Sala made the leap to National Geographic full time in 2008, identifying potential marine reserve areas as an ocean fellow at the group’s headquarters. Garcia recalled how Sala sat in his D.C. office and explained the limits of his academic job, saying that it offered security and intellectual freedom, “but what it means is I’ll just be writing one academic paper after another, and all the while the ocean, and the marine organisms in the ocean, are going to be disappearing. And I don’t want to do that.”

Sala did not become an explorer-in-residence overnight. He was awarded the title “emerging explorer” in 2007 before ascending in National Geographic’s hierarchy and becoming an ocean fellow. This caused some confusion when in June he called his parents in Girona, Spain, to deliver the news that he had been named an explorer-in-residence, along with filmmaker James Cameron.

“They both said, ‘I thought you were already an explorer,’ ” he recounted.

Sala — who is striking and lean, with brown hair he pulls back in a ponytail — leads what he calls “a schizophrenic life,” interspersing expeditions with policy and academic work. Just a few weeks before Sebastián Piñera was elected president of Chile in January 2010, Sala met him at the World Economic Forum and chatted about how both of them had been scuba diving off Chile’s Sala y Gomez, an area near Easter Island.

As a couple of other Latin American presidents pulled Piñera away, Sala said, “So when you become president, we’re going to talk about this place.” Sala lobbied him with a letter and through several intermediaries; less than a year after taking office, Piñera declared the 58,000-square-mile area a marine reserve, off-limits to extractive activities.

Though he was raised speaking Catalan (he reverts to his first language when cursing or taking personal notes), Sala spoke to Piñera in Spanish. He also speaks French, Italian and English fluently, a lingual dexterity that adds to his persuasiveness.
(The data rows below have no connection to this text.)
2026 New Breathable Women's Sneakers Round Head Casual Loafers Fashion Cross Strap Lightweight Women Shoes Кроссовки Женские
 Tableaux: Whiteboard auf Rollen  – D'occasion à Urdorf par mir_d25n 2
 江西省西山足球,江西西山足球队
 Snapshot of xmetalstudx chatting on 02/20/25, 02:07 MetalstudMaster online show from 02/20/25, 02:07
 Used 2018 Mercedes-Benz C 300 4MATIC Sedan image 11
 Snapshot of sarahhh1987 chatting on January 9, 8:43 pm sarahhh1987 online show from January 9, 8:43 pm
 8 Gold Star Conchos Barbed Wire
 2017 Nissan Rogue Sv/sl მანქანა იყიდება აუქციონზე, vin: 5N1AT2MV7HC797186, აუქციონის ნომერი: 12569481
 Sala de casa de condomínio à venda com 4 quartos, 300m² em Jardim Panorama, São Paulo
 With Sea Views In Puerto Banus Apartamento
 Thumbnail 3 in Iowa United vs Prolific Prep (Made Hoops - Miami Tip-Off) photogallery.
“I call him the Antonio Banderas of the marine world, because he’s so charming,” said Nancy Baron, science outreach director for the group COMPASS, which helps researchers engage in public policy.

This includes appealing to allies such as the pop singer Bjork, who decided to donate $34,000 from “Mount Wittenberg Orca,” a recording she did with the experimental rock band Dirty Projectors, to fund Sala’s marine reserve work.

“He seemed to be a man on a mission who would not mess about,” the Icelandic singer said in a phone interview, adding that after meeting him at National Geographic’s headquarters, she became convinced that if he planned a project, “it would actually work; it would not be just talk.”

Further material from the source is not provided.